Justice David Johnstone discussed this in his decision rejecting Rubashkyn’s appeal:
It is important that those who wish to oppose, by protesting against, views they consider abhorrent, do so without engaging in physical attacks. … The courts should be seen to denounce, and in that way generally to deter, that form of protest, because of the risk it will be copied, perhaps more harmfully, and because of its inherent tendency to undermine rather than facilitate the rule of law.” [i]
Free speech is protected in New Zealand law up to the point that it incites violence. No-one proved Kellie-Jay Keen intended to incite violence with the rally, or the objection to her visa being granted would’ve been upheld. Tania Sturt, one of the organising committee, defended the event to media, explaining, “We are well aware of the risk from anti-women's rights protesters or people wishing to derail our intended goal which is to give space for women to speak. We are dedicated 100% to peaceful rallies.”[ii] Yet the whole world saw the violence incited by those opposing the event.
The two victims of these assaults, Tania Sturt and Kellie-Jay Keen, and their supporters haven’t been upset for 20 long months about some stained clothing. We weren’t pleased with the conviction in September because we wish any harm to befall the defendant. We were pleased because finally someone deemed our rights worthy of defending. We were pleased because physical violence as a form of protest is against the law. We were pleased because, finally, the applicable laws for this situation were being upheld.
The victims were vindicated in Justice Johnstone’s decision:
“I do not accept Mr Olsen’s submission for Ms Golberstein (Rubashkyn) that her conduct involved no violence,” the judge added. “Violence is a word capable of multiple meanings. Here, in rejecting Mr Olsen’s submission, I incorporate within its meaning conduct involving the intentional application of force in a manner that may inflict psychological harm.
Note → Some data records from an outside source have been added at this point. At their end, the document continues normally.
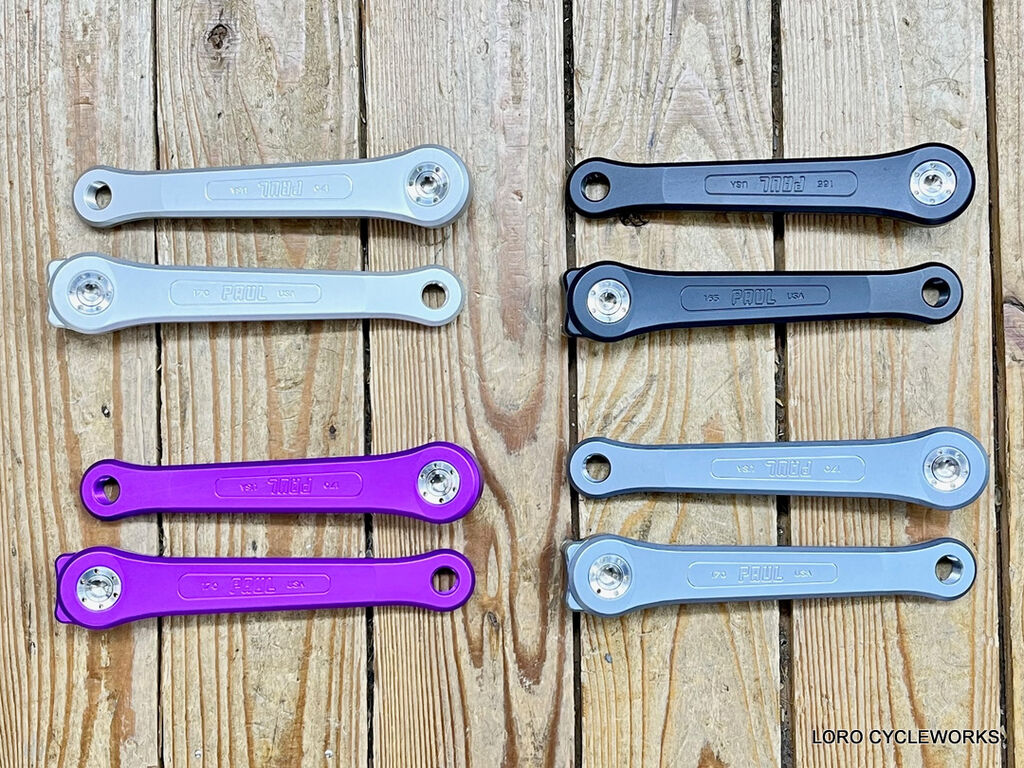 PAUL 100% PURE CRANK が入荷しました！ : LORO CYCLE WORKS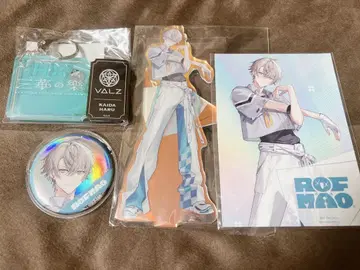 니지산지 카이다 하루 아크릴 스탠드 캔뱃지 세트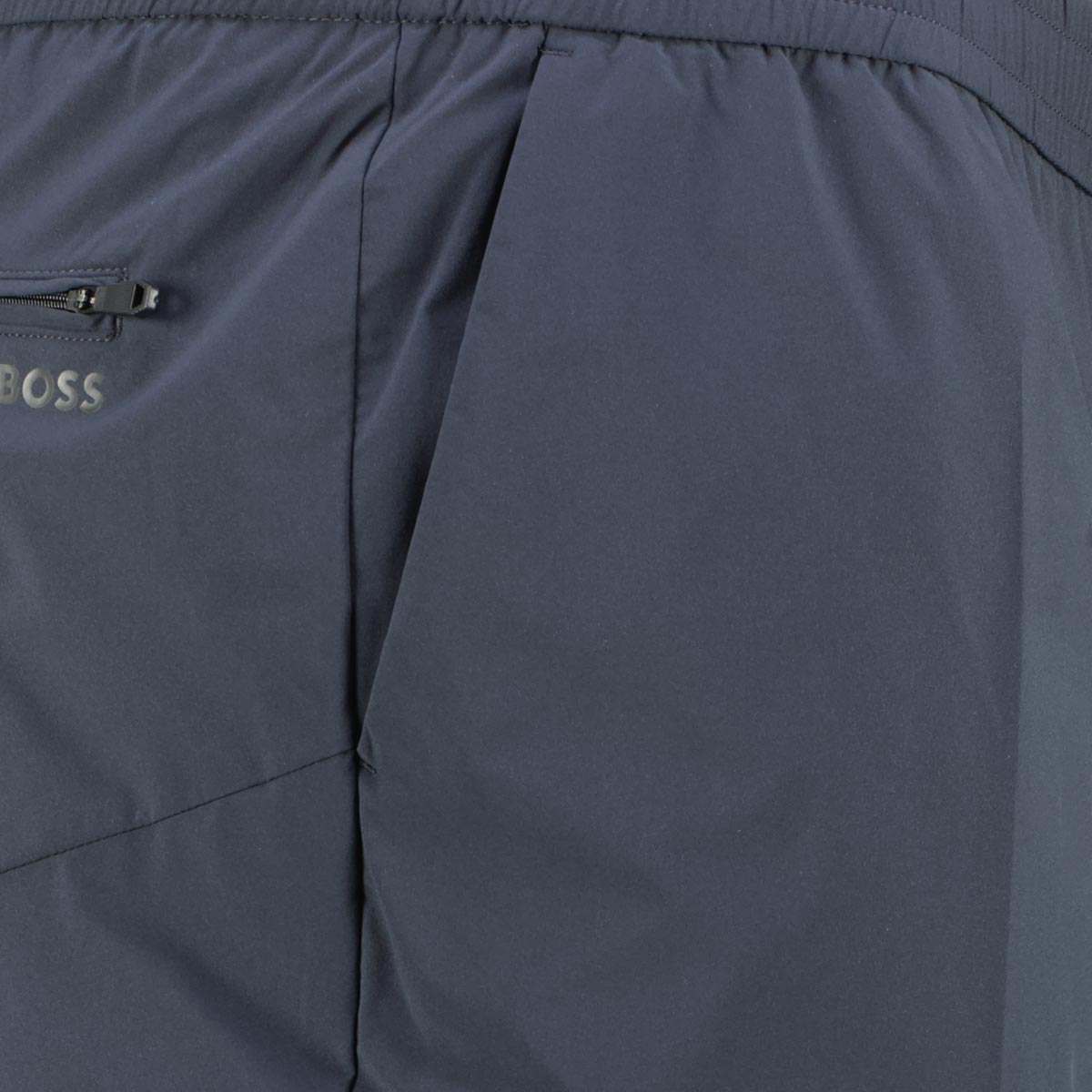 BOSS Leichte Jogpants mit Cargo-Taschen, schnelltrocknend dunkelblau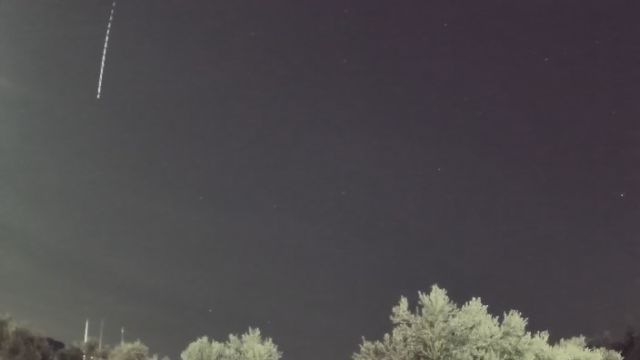 AMS242 meteor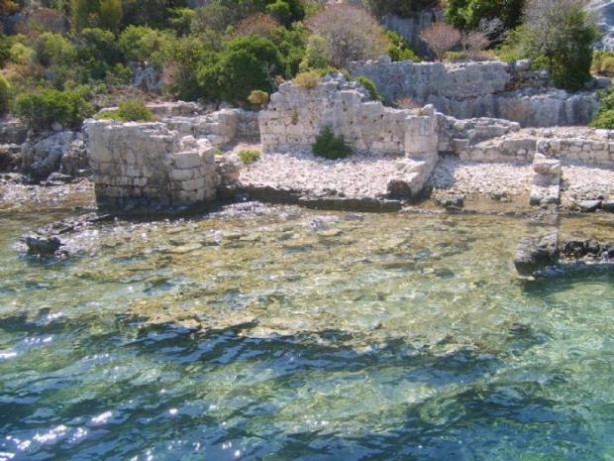 Artık Kekova'da yüzülebilecek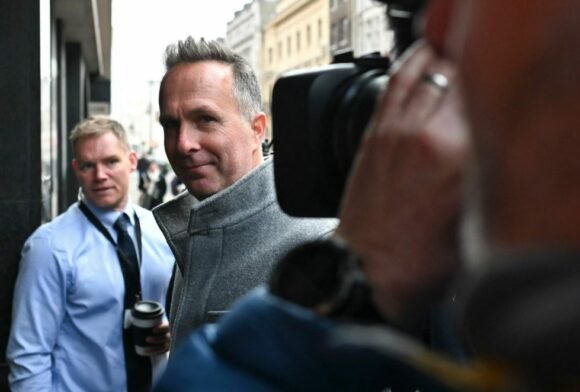 'No winners in this process' - Michael Vaughan issues statement after being cleared of using racist language
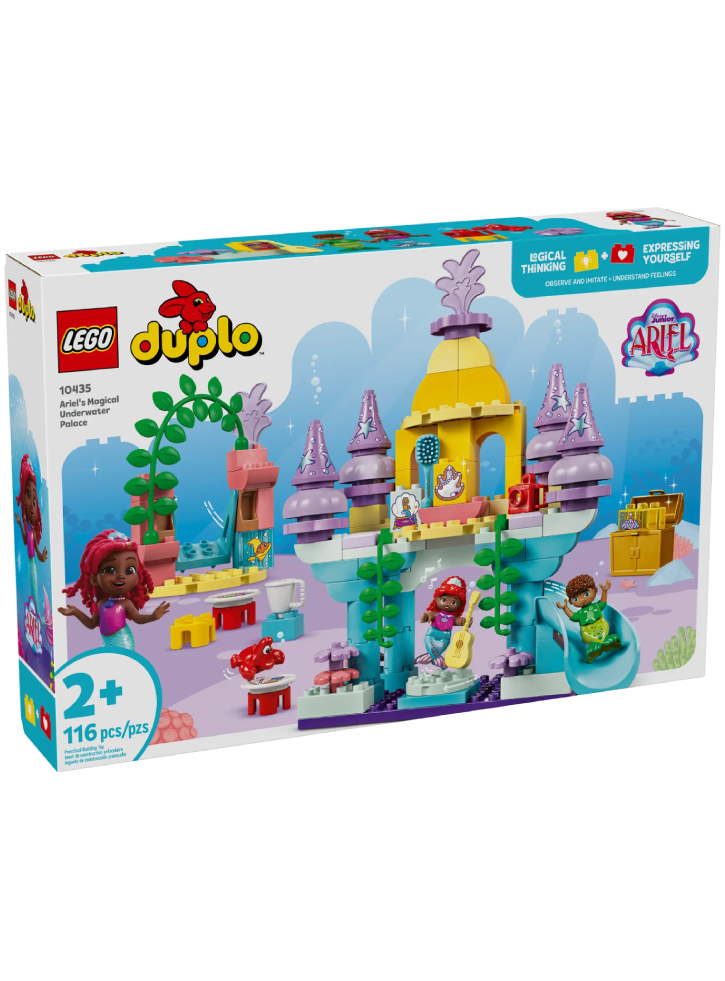 LEGO DUPLO Disney Ariel's Magical Underwater Palace (10435)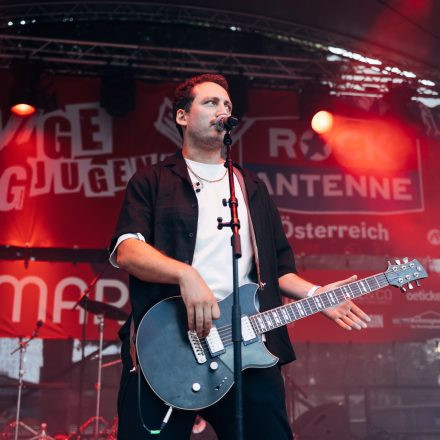 FSG PRO-GE Jugend x ROCK ANTENNE Österreich Bühne am Donauinselfest 2026 - Samstag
I infer from the agreed summary of facts that Ms Golberstein’s conduct will have come as a shock to those she assaulted, causing them momentary fear before they recognised they had been doused in no more damaging a liquid than tomato juice. And I note that, in its context, Ms Golberstein’s conduct was inflammatory, and risked provoking further violence, involving bodily harm.”
And this is exactly what appeared to happen on that fateful day. As soon as the juice was poured, the crowd, which had been building energy, suddenly surged as one towards the rotunda and the couple of hundred women there were trapped with nowhere to go. I got out because I left early. But if you look through any of the footage it’s clear to see escape was almost impossible for those on the rotunda itself. It took the courage of a bodyguard and a few good women to get Kellie-Jay Keen out and the rest of us were left to fend for ourselves. Tania Sturt herself was punched and kicked when the force of the crowd mowed her down. The police only cared about getting the problem – for some insane reason, this was assumed to be Kellie-Jay Keen, not the rioting mob – out, not protecting every one of us who came to enable, listen and take part in what was to be a nonviolent rally about women’s rights in the face of the misogyny and lies sweeping through our policies and laws. And look what the day turned into – the physical manifestation of the very misogyny and lies we wished to expose.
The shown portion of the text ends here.